:: Records provided

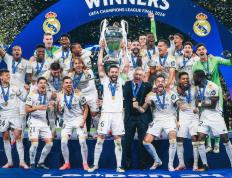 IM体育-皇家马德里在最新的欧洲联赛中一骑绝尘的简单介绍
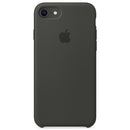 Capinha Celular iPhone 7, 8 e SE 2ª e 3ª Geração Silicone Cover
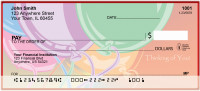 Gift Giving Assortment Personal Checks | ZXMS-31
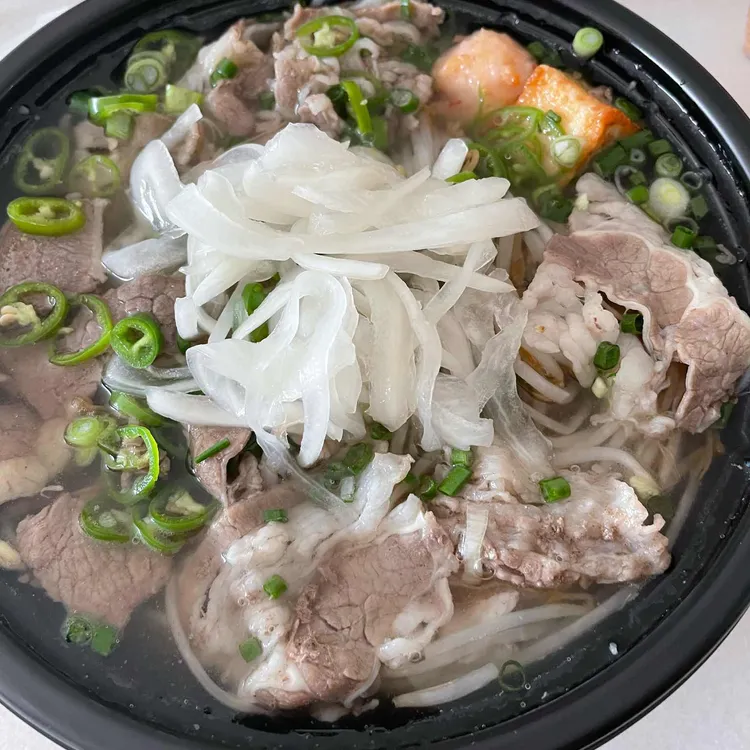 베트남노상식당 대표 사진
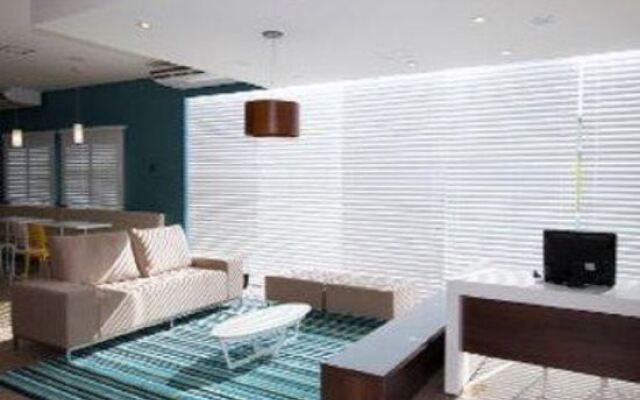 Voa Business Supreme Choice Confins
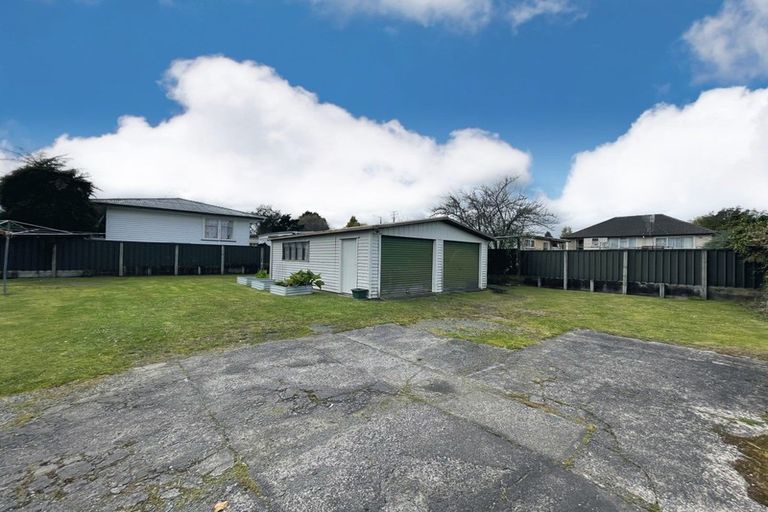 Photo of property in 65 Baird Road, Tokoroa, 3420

::::
:: Records provided

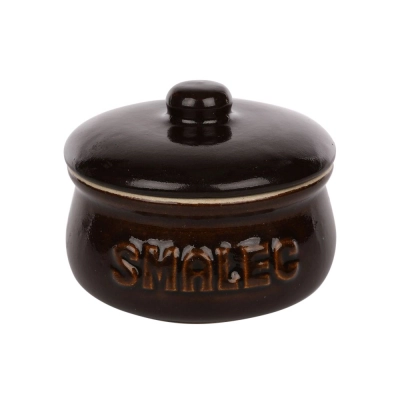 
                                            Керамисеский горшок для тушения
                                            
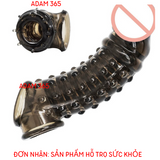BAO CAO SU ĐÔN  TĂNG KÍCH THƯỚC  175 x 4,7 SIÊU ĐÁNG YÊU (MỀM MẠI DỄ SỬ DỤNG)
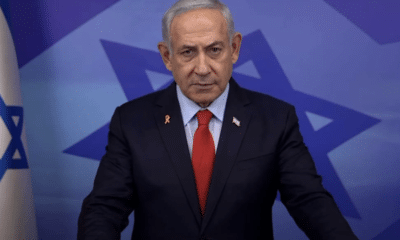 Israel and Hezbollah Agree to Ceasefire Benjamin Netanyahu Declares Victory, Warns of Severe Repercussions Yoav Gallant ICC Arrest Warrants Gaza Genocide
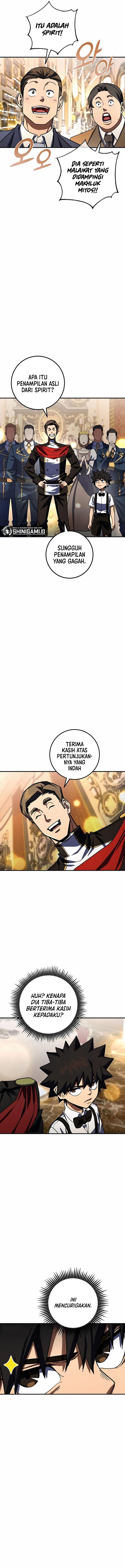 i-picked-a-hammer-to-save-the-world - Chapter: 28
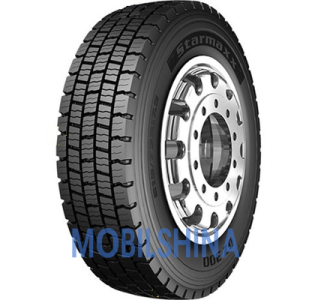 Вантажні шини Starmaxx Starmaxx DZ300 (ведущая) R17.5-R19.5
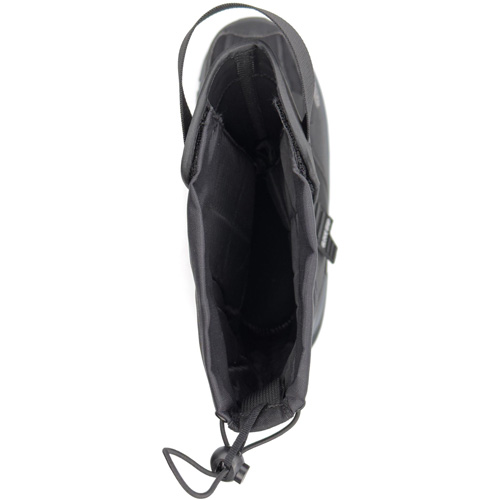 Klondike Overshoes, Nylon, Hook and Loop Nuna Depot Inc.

::::
:: Records provided

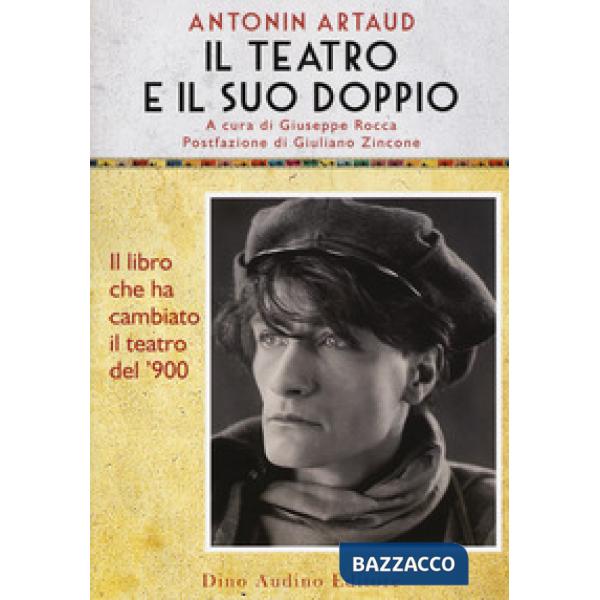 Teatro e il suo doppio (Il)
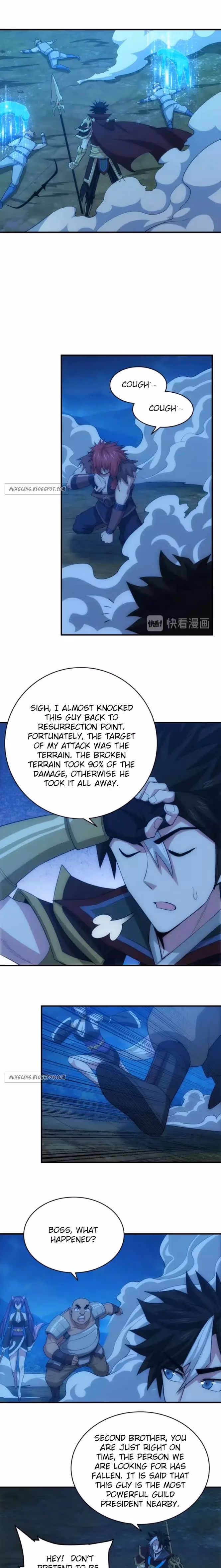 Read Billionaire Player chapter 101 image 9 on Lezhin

::::

What is expected:
Work from the entries above. Set down exactly and only the lines from the line with "IM体育-皇家马德里在最新的欧洲联赛中一骑绝尘的简单介绍" to the line with "Photo of property", both included, and leave the pictures out.

Answer section:
 IM体育-皇家马德里在最新的欧洲联赛中一骑绝尘的简单介绍
 Capinha Celular iPhone 7, 8 e SE 2ª e 3ª Geração Silicone Cover
 Gift Giving Assortment Personal Checks | ZXMS-31
 베트남노상식당 대표 사진
 Voa Business Supreme Choice Confins
 Photo of property in 65 Baird Road, Tokoroa, 3420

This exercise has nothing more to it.